- _RECORDS SHOWN_:
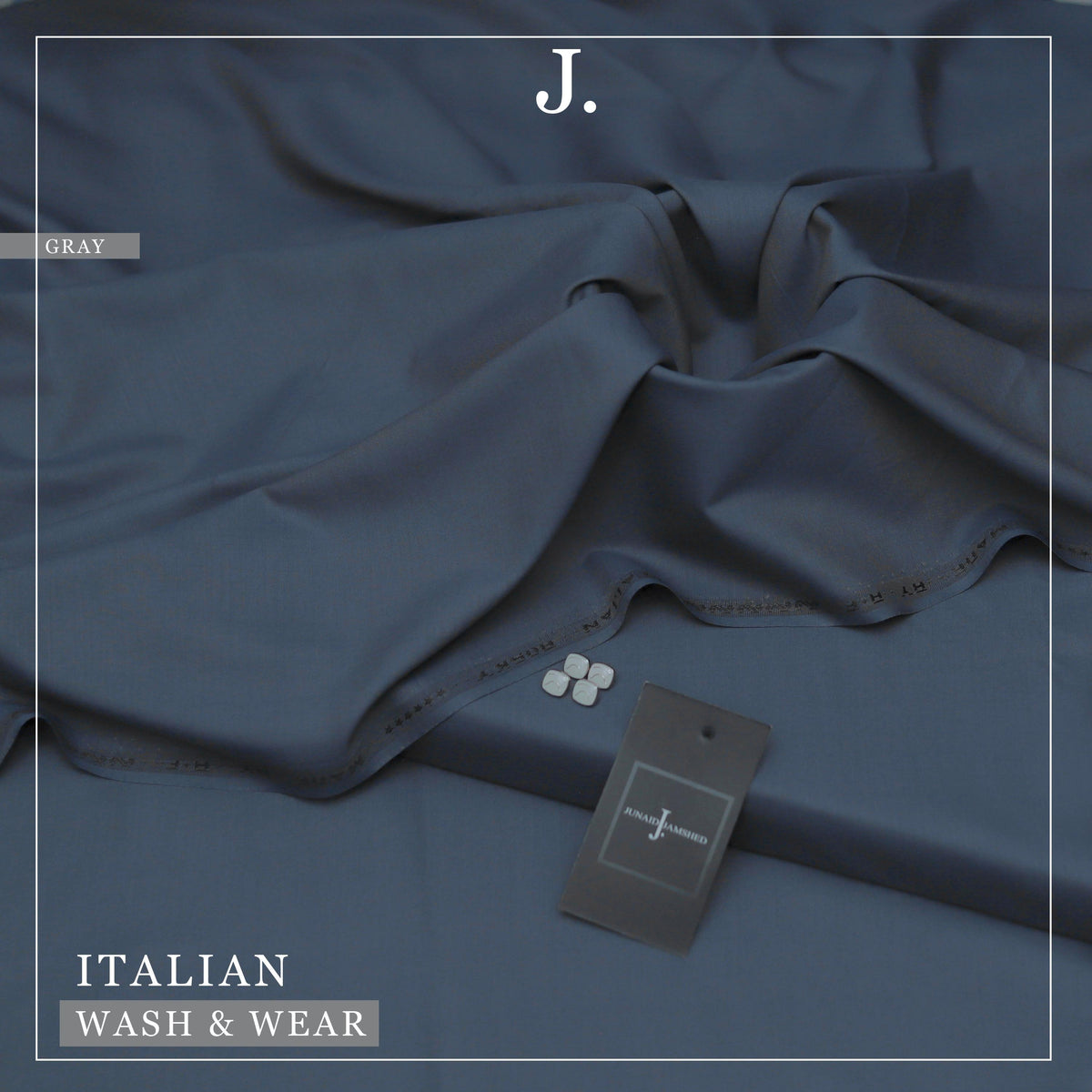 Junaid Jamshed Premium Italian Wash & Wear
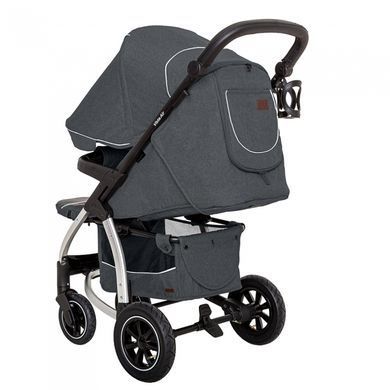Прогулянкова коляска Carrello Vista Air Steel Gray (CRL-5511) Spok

* * *

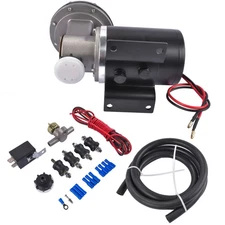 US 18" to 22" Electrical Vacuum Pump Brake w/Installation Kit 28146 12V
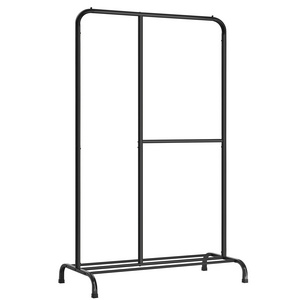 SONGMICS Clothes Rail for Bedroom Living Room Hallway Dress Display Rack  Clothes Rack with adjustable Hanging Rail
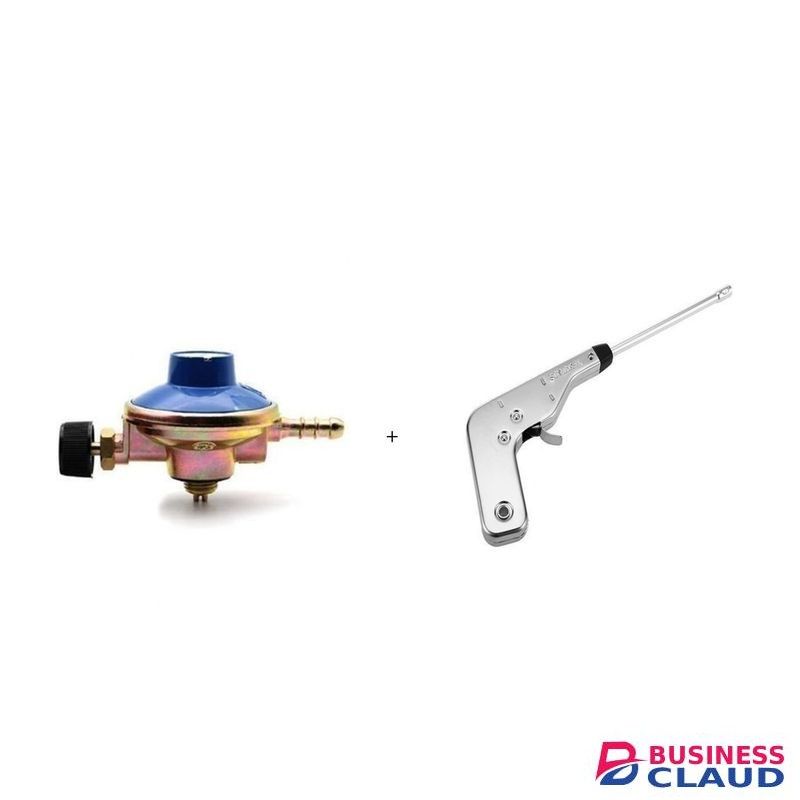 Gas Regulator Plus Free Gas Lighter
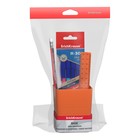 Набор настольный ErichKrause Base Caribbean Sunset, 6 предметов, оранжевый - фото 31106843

---

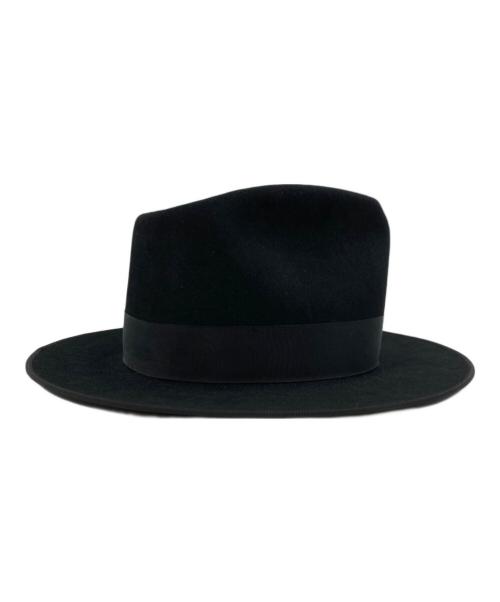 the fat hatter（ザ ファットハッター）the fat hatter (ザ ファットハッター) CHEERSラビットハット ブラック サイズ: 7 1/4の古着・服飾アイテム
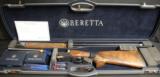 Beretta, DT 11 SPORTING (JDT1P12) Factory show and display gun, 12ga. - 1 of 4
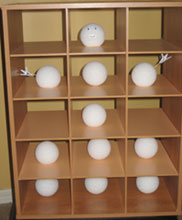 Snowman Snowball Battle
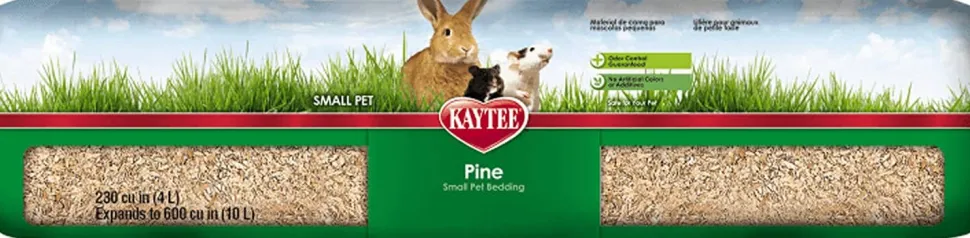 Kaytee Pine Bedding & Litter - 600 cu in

- _WHAT IS EXPECTED_: In the material above, which lines fall between the one holding "Junaid Jamshed Premium Italian Wash & Wear" and the one holding "Прогулянкова коляска Carrello", inclusive? Print exactly those, with the pictures left out.

- _REPLY TO THE TASK_:
 Junaid Jamshed Premium Italian Wash & Wear
Прогулянкова коляска Carrello Vista Air Steel Gray (CRL-5511) Spok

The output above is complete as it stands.